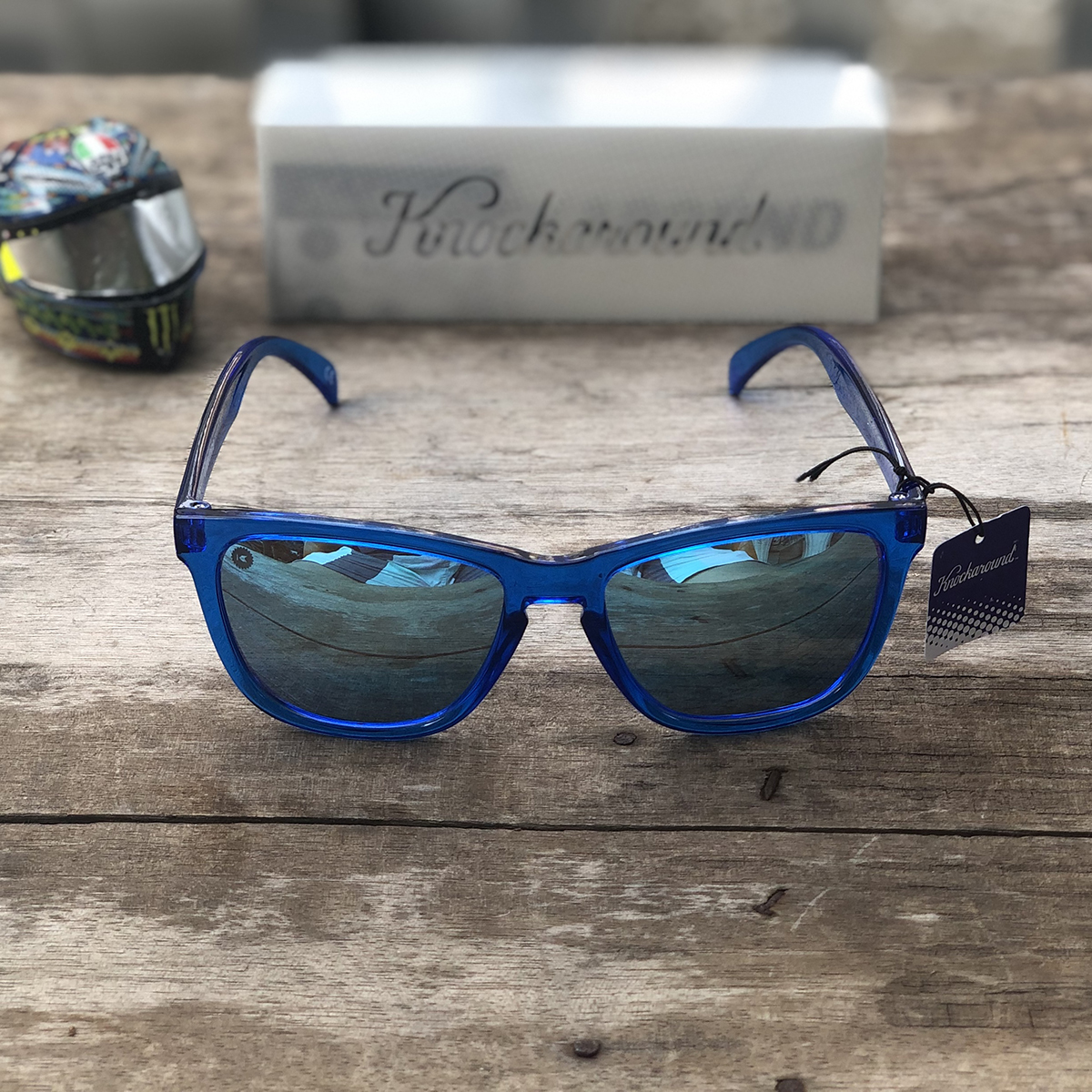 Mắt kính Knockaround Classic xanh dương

* * *

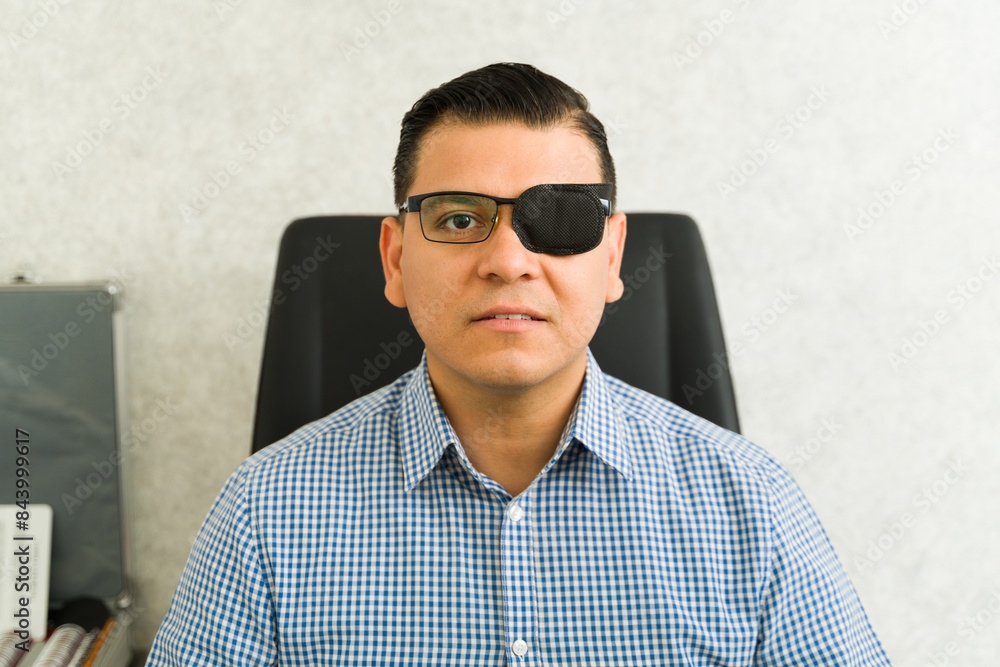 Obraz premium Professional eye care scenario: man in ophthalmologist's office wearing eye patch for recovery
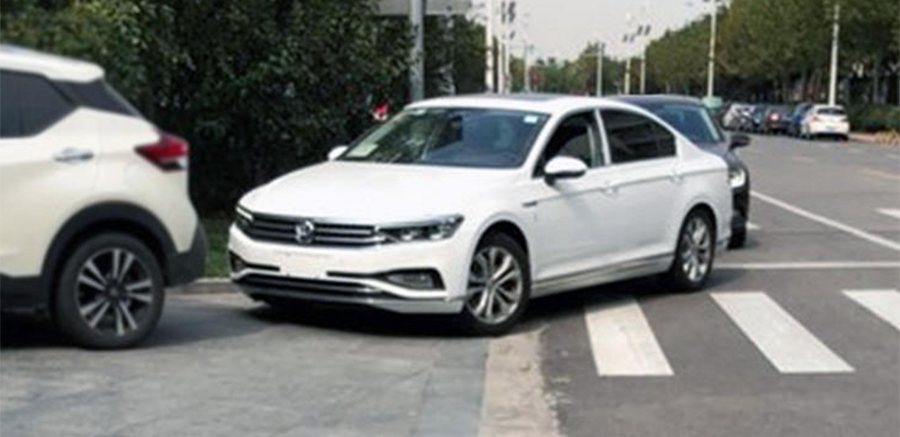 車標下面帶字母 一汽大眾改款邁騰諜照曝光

TASK: Extract the part of the records that opens with the line containing "Obraz premium Professional" and closes with the line containing "車標下面帶字母 一汽大眾改款邁騰諜照曝光". Take only those lines, exactly, and no pictures.

RESULT BELOW:
 Obraz premium Professional eye care scenario: man in ophthalmologist's office wearing eye patch for recovery
 車標下面帶字母 一汽大眾改款邁騰諜照曝光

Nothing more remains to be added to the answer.